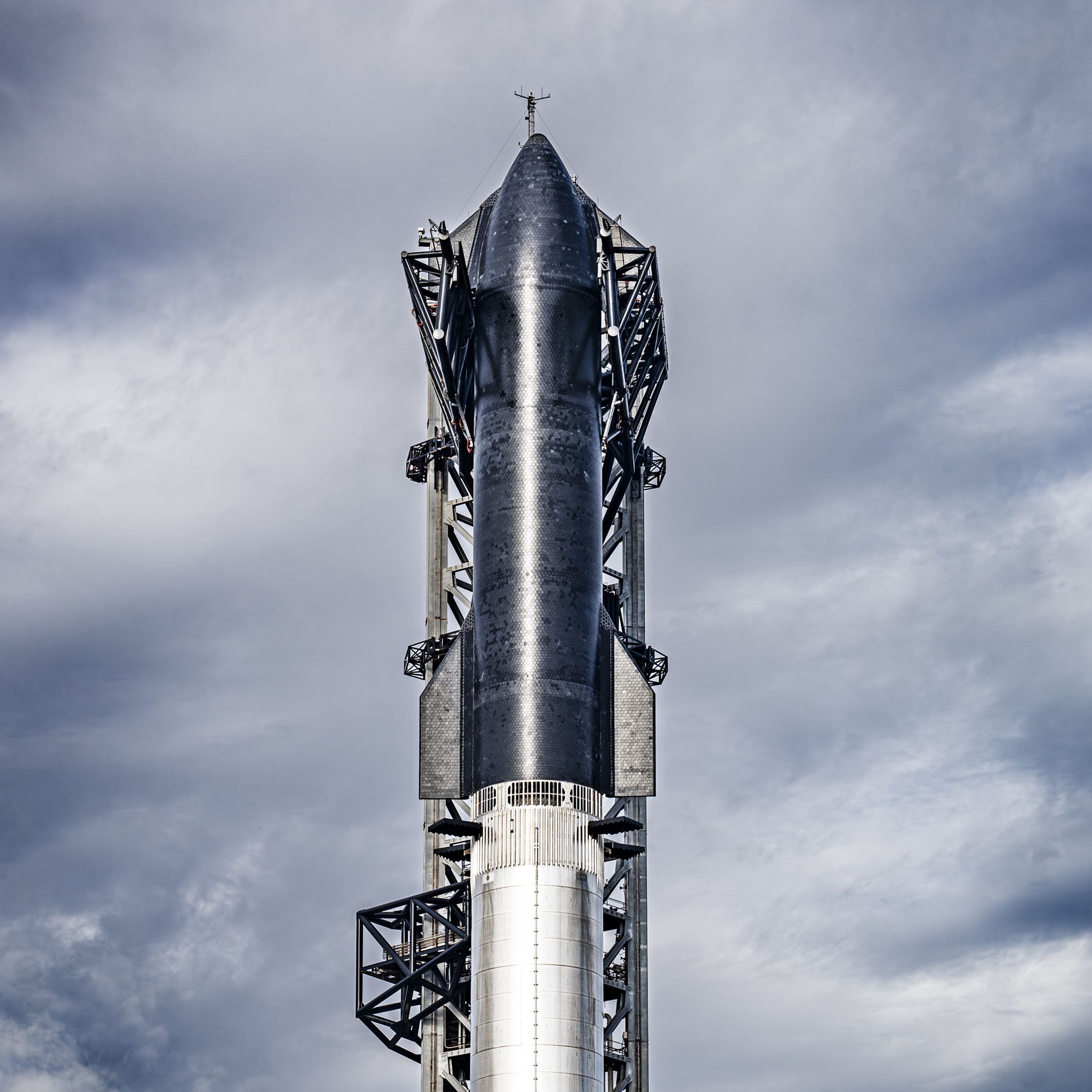 Image of the Starship prototype in position for a launch attempt against a background of a cloudy blue sky.
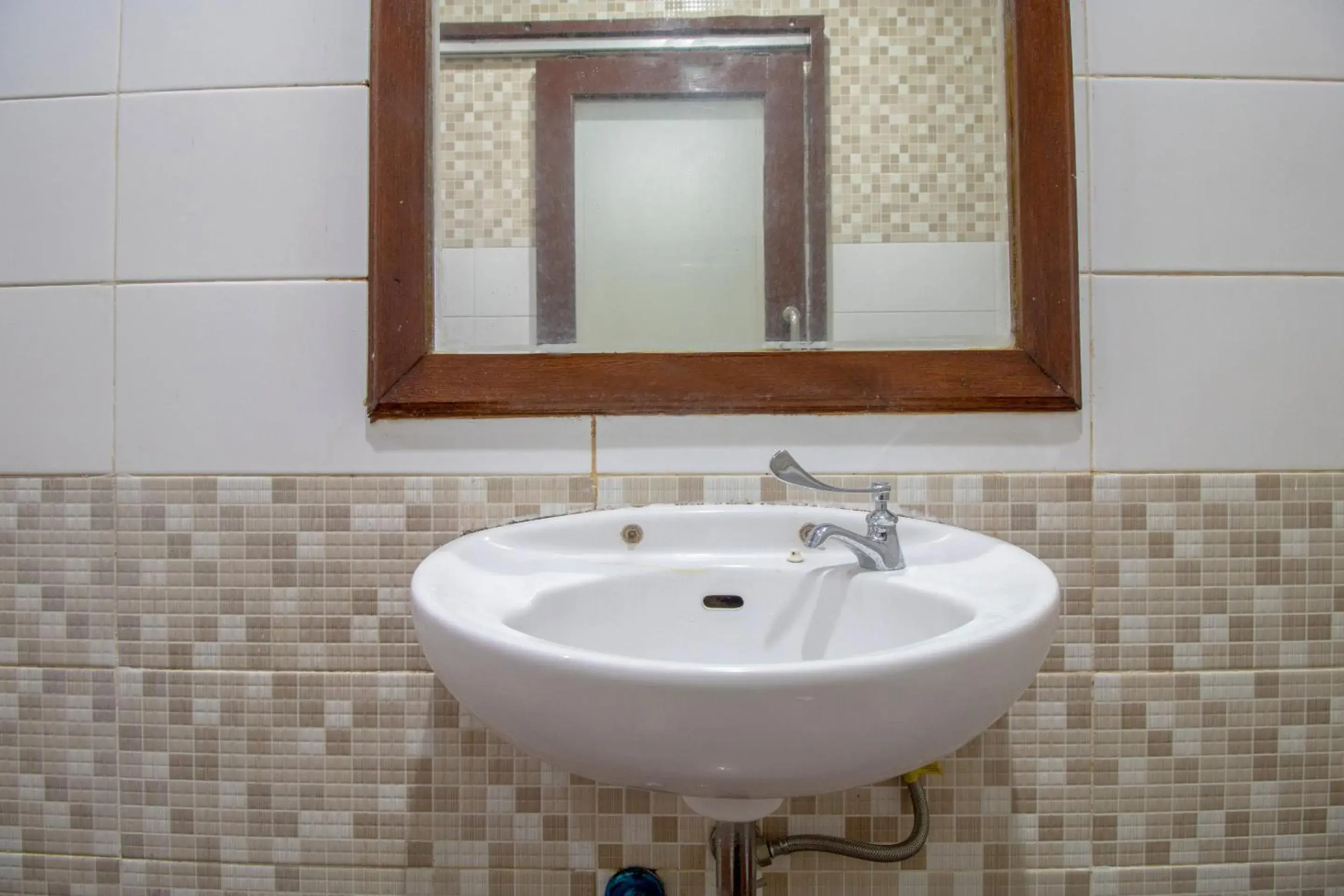 Bathroom in SUPER OYO Flagship 2688 Guntur Hotel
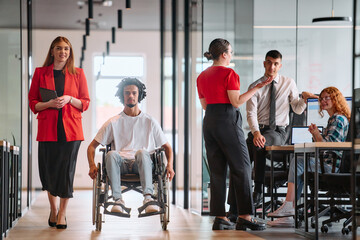 A business leader with her colleague, an African-American businessman who is a disabled person,...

Exercise brief —
Leave the pictures out and return the rest of the listing exactly.

Expected answer —
 Image of the Starship prototype in position for a launch attempt against a background of a cloudy blue sky.
 Bathroom in SUPER OYO Flagship 2688 Guntur Hotel
 A business leader with her colleague, an African-American businessman who is a disabled person,...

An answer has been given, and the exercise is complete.